The two sampling situations are completely different. In one you randomly pick someone from a million people and administer the test. In the other, you administer the test a million times, and randomly pick from positives. How in the world can you equate the two for the probability result?

The 99% test efficacy is not dependent in any way on the prevalence of AIDS in the population. I really don’t see any logic in your post that ties the two.

And if you randomly pick 100 of the people who tested positive for AIDs, you’d assume that 99 of them actually do have AIDs? Even though God came down and told you that only 1 person does?

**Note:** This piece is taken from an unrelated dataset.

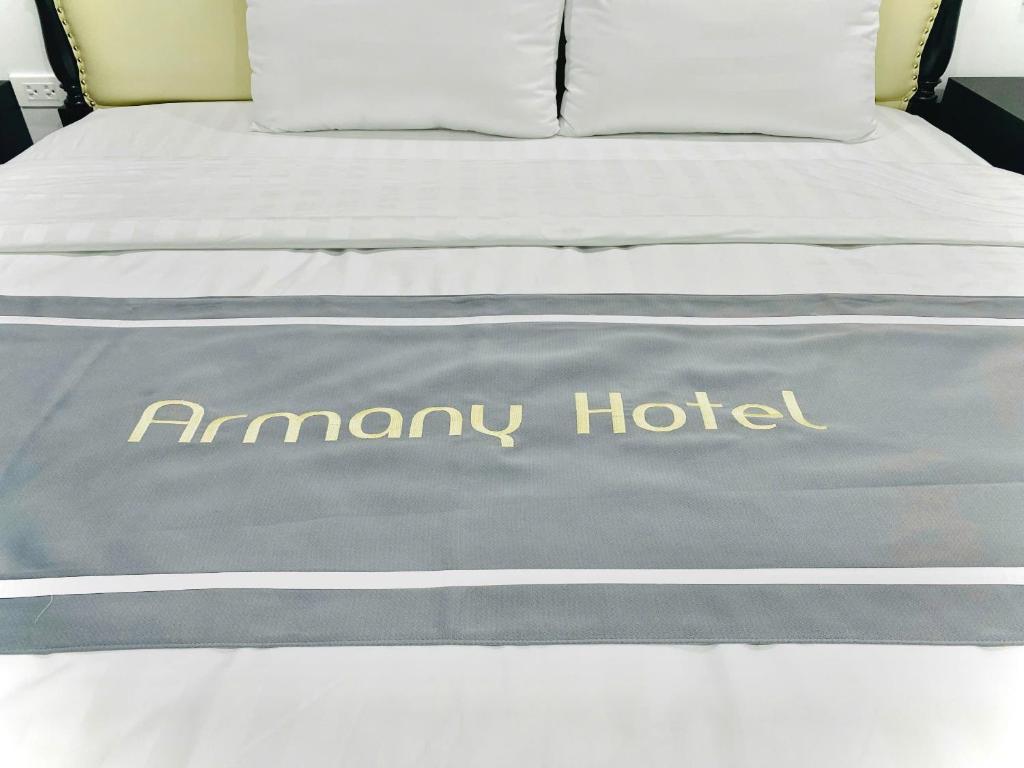 a bed with a rambany hotel written on it at Tam Coc Armany Hotel & Sky Restaurant in Vũ Lâm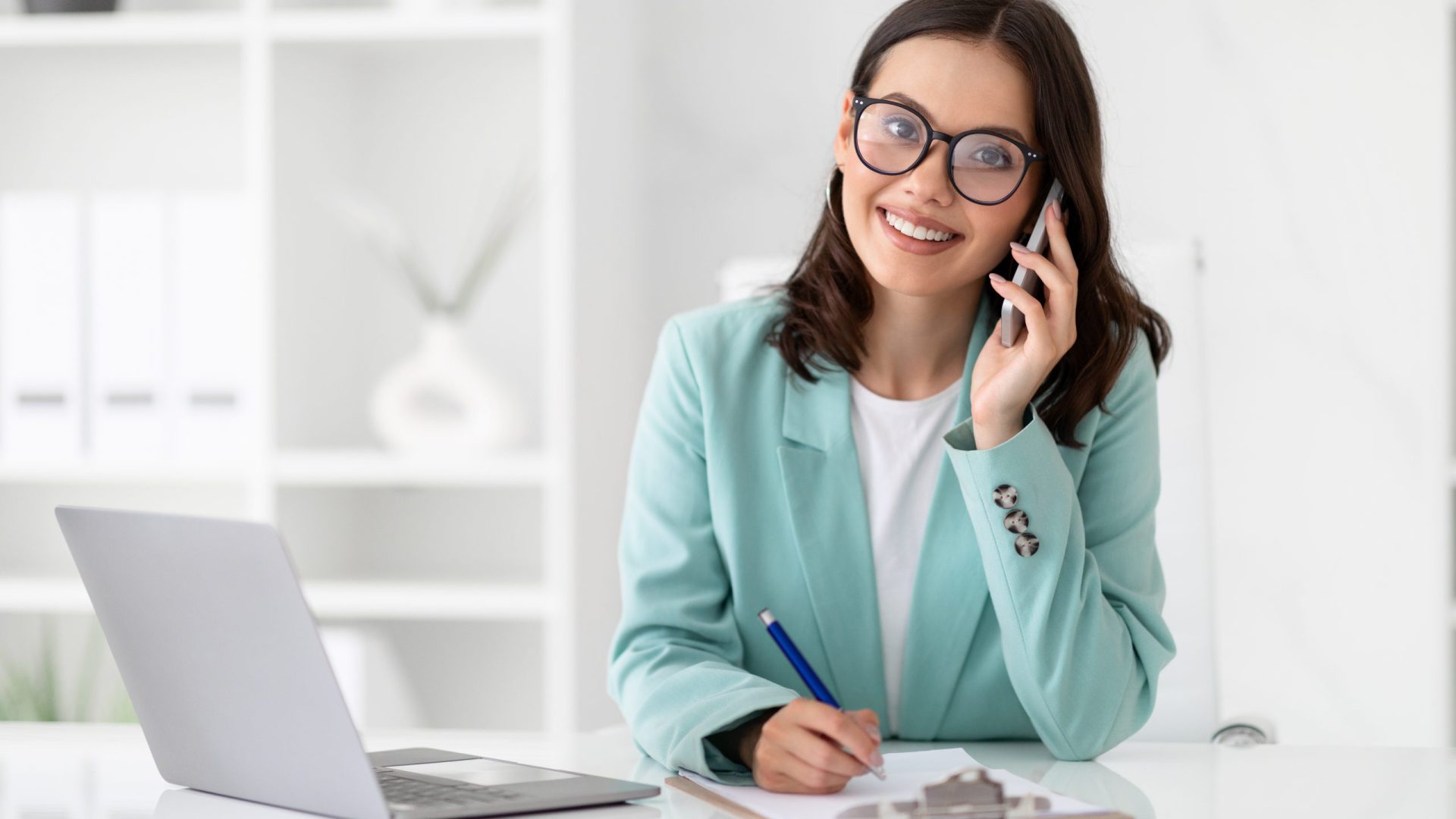 Smiling millennial caucasian lady secretary in suit and glasses calls by phone at workplace in light office interior. Business with device, communication with client, work, multitasking manager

And this is going beyond Bayes Theorem. If I understand correctly, Bayes Theorem is giving you relationships between probabilities. But it isn’t giving you the probabilities to start with, nor a way to calculate them on the basis of statistical results; both the method you describe, and the one given by Left Hand of Dorkness, are consistent with Bayes Theorem. (I’m not intending to contradict anything you have so far said.)

Consider this table:


              | Positive test | Negative test |      TOTAL     | 
--------------+---------------+---------------+----------------+
              |    .99*1      |    .01*1      |                |
HIV positive  |       =       |       =       |       1        |
              |       1       |       0       |                |
--------------+---------------+---------------+----------------+
              |  .01*999,999  |  .99*999,999  |                |
HIV negative  |       =       |       =       |    999,999     |
              |     10,000    |    989,999    |                |
--------------+---------------+---------------+----------------+
              |               |               |                |
TOTAL         |     10,001    |    989,999    |   1,000,000    |
              |               |               |                |
--------------+---------------+---------------+----------------+

The question is: Knowing only that the person has a positive test result, what can you say about that person’s probability that they are in fact HIV positive.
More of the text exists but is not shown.